For Eugene Jaurecki, the documentarian who brings us Why We Fight, Eisenhower's caution is not just some musty political irony. It is the acorn from which a great poison oak has grown: the ever-more-lucrative partnership between the Pentagon and the manufacturers of weaponry that has the potential of perpetuating war ad infinitum as it nourishes corporate greed and strengthens the new American Imperium. Right-wingers are sure to detest and denounce almost every frame of Why We Fight (the title is a bittersweet bow to Frank Capra's stirring World War II-era propaganda films), but they may also be sorely discomfited -- not least because Jaurecki is a far more elusive target than the sloppy Moore, and because Jaurecki's indictment of U.S. foreign policy since the Truman years, while familiar, is far more articulate, wide-ranging and well-reasoned than the clumsy manipulations of Fahrenheit 9/11.

It's one thing for Gore Vidal, the fiercely dissident novelist and social commentator, to rebrand the nation as "the United States of Amnesia" in light of our belligerent past, quite another for Republican senator John McCain to worry aloud about the excesses of the Bush Doctrine, which amounts to the dissemination of democracy at gunpoint. Those who don't balk at Pentagon ideologue Richard Perle's acknowledgement of "a radical shift of policy" in the days and weeks following 9/11 may still take pause at the proud assertion of a defense contractor at a weapons trade show regarding his relationship with the U.S. government: "Collusion is our business," he boasts. And no one in the house -- lefty, neo-con or middle-of-the-roader -- could fail to heed retired New York cop and Vietnam veteran Wilton Sekzer, whose son was killed in the attacks on the World Trade Center. Grief-stricken and outraged, Sekzer sought some kind of satisfaction for his loss and thought he finally got it when the U.S. military agreed to paint his son's name on a bomb dropped in Iraq. Late in Why We Fight, though, we witness the drama of Sekzer's disillusionment when he learned that the supposed link between 9/11 and Saddam Hussein was a Bush fiction. "Why did he lie?" Sekzer asks. "There's something wrong with the entire system."

The system that worried Eisenhower has in recent years expanded into four powerful components, Jaurecki asserts: the Pentagon (which now manufactures its own falsified intelligence); defense contractors (who provide all those not-so-"smart" bombs); Congress (whose members create economic incentives for their districts); and think tanks (which dream up new threats and new rationalizations for war). In other words, as one exasperated critic points out, "The corporate elites and the political elites are the same people." The military-industrial complex in the 21st century is so far-reaching, political scientist and former top CIA man Chalmers Johnson adds, that we no longer even see it.

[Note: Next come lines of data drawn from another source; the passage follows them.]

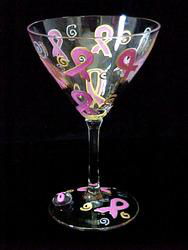Pretty in Pink Design - Hand Painted - Martini - 7.5 oz.pretty 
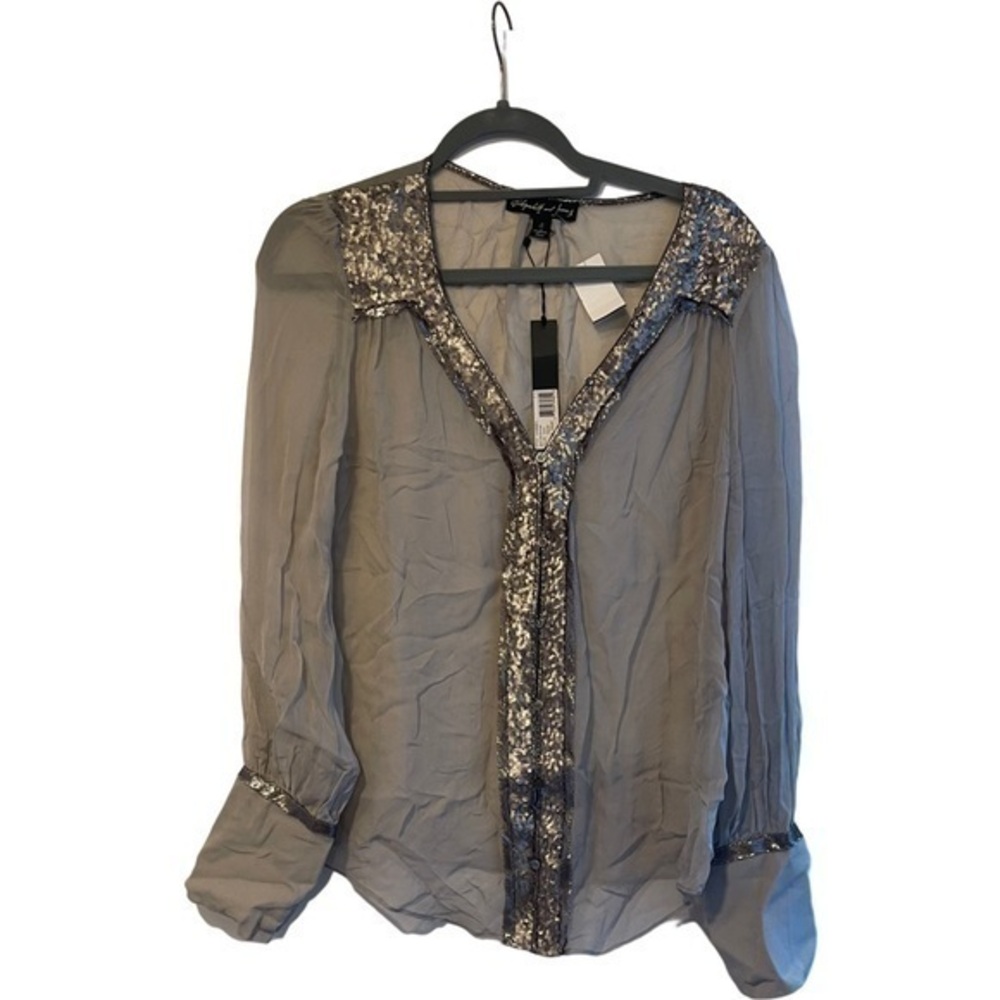 Elizabeth and James Silk and Sequin top
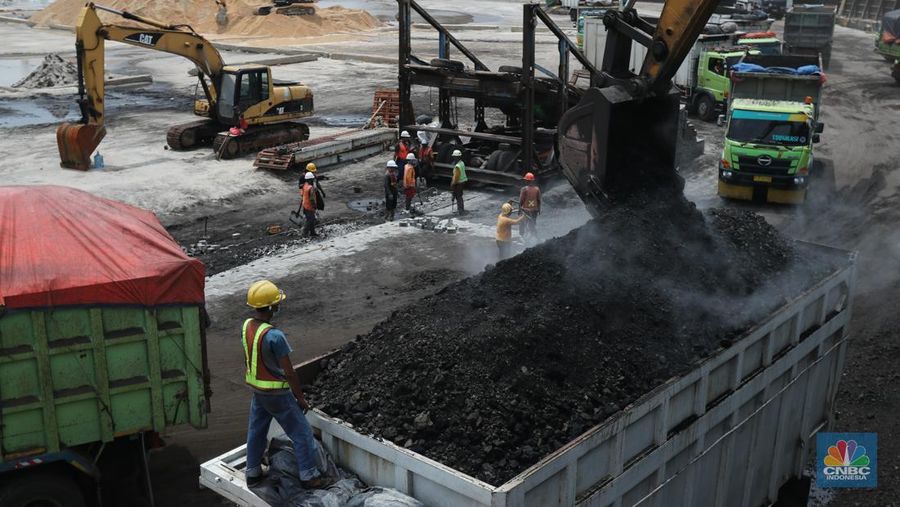 Pekerja melakukan bongkar muat batu bara di Terminal Tanjung Priok, Jakarta, Selasa (23/2/2021). Pemerintah telah mengeluarkan peraturan turunan dari Undang-Undang No. 11 tahun 2020 tentang Cipta Kerja. Adapun salah satunya Peraturan Pemerintah yang diterbitkan yaitu Peraturan Pemerintah No.25 tahun 2021 tentang Penyelenggaraan Bidang Energi dan Sumber Daya Mineral.  (վ/ Tri Susilo)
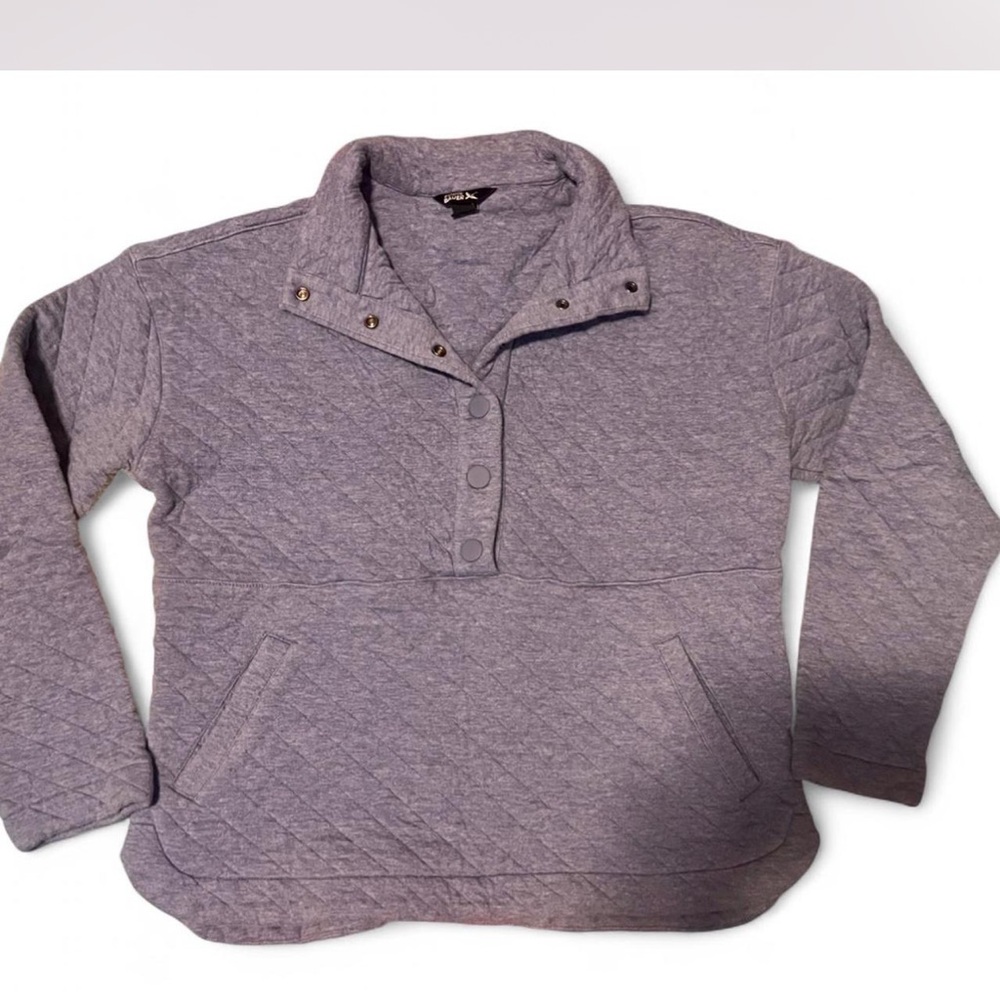 Eddie Bauer Quilted Lavender Snap-Placket Pullover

Don't believe that? Witness the considerable powers of Deadeye Dick Cheney, who left the Halliburton boardroom to become a chief architect of the so-called war on terror. In Jaurecki's film, we find the vice president opining once more on what awaits American troops in the streets of Fallujah: "We will be greeted as liberators." Or at least as suppliers of portable toilets and bologna sandwiches.

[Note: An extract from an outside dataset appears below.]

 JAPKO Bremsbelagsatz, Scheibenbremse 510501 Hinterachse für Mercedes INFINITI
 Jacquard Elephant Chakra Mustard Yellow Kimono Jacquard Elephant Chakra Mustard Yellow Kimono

To the extent that Why We Fight is agitprop, it's more convincing agitprop than most of the outraged political documentaries that have flooded the screen in the last three years, and that may account for its winning the Grand Jury Prize last year at Sundance. Jaurecki (whose earlier cry of the heart was The Trials of Henry Kissinger) is angry, all right: Witness his telling visit to to the main Baghdad morgue, where 90 percent of the dead are civilians, or his exchanges with defrocked lieutenant colonel Karen Kwiatkowski, a whisteblower now opposing her former colleagues at the Pentagon's Middle East desk. But Jaurecki's anger is measured and focused, and in the end his film is more melancholy than heated, a lament for trampled American values and squandered American prestige. Greed has thrashed democracy in the free marketplace, Why We Fight concludes, and we may pay the price for generations to come. Wherever he is, that commie peacenik Eisenhower must be enjoying a bitter laugh.